The man, like many Syrians, blamed the ruling clique rather than the president himself. There is, however, widespread grumbling that presidential relatives own a piece of most major businesses.

President Assad, 37, promised to fight corruption when he inherited the job from his father nearly three years ago. Syrians were prepared to overlook the fact that he was simply handed the reins of the country because they thought a young, computer-savvy British-trained ophthalmologist would improve their standard of living.

Instead, with the Palestinian uprising against Israel and the American war on Iraq, the younger Mr. Assad has sought to burnish Syria's treasured position as the conscience of the Arabs, lashing out at Western attempts to dominate them.

Promised reforms stalled, including the introduction of private banks and private universities. Introduced piecemeal by presidential order, most change founders on the shoals of bureaucratic red tape.

For example, Baath Party apparatchiks kept private universities at bay by trying to push them outside major cities. "It's an art form, they pretend to implement reform, but all they do is create obstacles," one Damascus University professor said.

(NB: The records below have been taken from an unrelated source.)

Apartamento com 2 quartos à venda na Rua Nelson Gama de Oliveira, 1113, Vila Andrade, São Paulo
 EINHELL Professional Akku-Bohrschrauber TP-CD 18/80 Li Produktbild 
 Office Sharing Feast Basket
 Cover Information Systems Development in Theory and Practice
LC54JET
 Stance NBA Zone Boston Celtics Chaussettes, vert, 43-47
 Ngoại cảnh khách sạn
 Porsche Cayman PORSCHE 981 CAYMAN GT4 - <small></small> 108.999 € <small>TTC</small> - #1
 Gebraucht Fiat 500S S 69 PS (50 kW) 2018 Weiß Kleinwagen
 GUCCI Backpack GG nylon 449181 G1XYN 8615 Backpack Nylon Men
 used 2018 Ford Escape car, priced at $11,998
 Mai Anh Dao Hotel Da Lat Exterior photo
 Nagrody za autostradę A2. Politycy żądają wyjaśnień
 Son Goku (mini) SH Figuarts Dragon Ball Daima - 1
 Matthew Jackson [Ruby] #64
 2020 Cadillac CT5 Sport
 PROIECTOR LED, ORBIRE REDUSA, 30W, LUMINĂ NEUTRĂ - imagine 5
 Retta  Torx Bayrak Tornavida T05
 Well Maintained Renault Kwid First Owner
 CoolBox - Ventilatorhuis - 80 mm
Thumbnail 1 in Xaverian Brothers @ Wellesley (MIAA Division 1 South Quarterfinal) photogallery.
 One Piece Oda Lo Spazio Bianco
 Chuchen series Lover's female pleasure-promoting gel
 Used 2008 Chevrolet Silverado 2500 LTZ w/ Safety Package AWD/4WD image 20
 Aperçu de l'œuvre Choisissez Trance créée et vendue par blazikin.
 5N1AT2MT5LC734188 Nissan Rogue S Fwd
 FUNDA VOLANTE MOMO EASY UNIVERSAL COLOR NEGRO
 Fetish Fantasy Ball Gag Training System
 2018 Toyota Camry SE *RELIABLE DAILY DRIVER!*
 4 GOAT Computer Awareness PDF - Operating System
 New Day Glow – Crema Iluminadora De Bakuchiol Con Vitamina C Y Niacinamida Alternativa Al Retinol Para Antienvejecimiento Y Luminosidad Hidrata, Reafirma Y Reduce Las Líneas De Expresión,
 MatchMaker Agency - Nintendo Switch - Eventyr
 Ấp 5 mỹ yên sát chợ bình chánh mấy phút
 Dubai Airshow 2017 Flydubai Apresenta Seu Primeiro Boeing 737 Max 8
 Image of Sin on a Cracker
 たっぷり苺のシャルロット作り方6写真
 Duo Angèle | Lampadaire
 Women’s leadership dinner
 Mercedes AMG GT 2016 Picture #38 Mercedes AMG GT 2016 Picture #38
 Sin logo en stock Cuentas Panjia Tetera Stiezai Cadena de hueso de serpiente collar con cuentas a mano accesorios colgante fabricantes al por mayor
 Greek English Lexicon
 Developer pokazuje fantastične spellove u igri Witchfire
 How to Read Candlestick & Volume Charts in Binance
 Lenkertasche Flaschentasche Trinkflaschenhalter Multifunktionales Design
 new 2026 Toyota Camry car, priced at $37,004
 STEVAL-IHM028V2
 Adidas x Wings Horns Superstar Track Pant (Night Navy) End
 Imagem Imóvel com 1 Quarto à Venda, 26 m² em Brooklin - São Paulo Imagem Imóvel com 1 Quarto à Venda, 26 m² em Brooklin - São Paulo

The minister of higher education, Hassan Risheh, found himself battling for support for a virtual university accessible throughout Syria because the word in Arabic for virtual translates as "supposed."

"There are a lot of people who don't like these things because they think in a conventional way and they don't understand them," he said.

Economic reform has not fared well, either, and the economy is expected to plunge with the loss of 200,000 barrels a day of subsidized Iraqi oil and some $2 billion in exports to Iraq.

"We don't have a program as to what kind of economic reform we want," said Nabil Sukkar, a business consultant and former World Bank economist. "There is no priority, no defined steps."

Much speculation focuses on whether Mr. Assad will try to dump the Baath Party because it is thwarting any change, and Alawites have begun to worry it might sink them. But no one is sure who advises him. Both the president and his wife, Azma Akhras, a Sunni Muslim and former investment banker in London, remain largely aloof. They have one son, Hafez, age 16 months.

Almost nothing is more sensitive then the question of Alawite dominance in Syria. Although official figures do not exist, Syria's 17 million people are believed to be about 75 percent Sunni Muslim, about 13 percent Alawite, and around 10 percent Christian.

Government officials generally dismiss any question about Alawite dominance either by saying Syria benefits from secular rule or noting the number of Sunni Muslims in top positions.

Asked about American hints on change in the Middle East, Buthaina Shaaban, the Foreign Ministry spokeswoman, was adamant that it was none of Washington's business.

"Internal change will be decided by Syrians at the pace that Syrians want for the purposes that Syrians desire to achieve," she said last week. She also rejected absolutely any similarity to Iraq, saying, "They simply cannot be compared."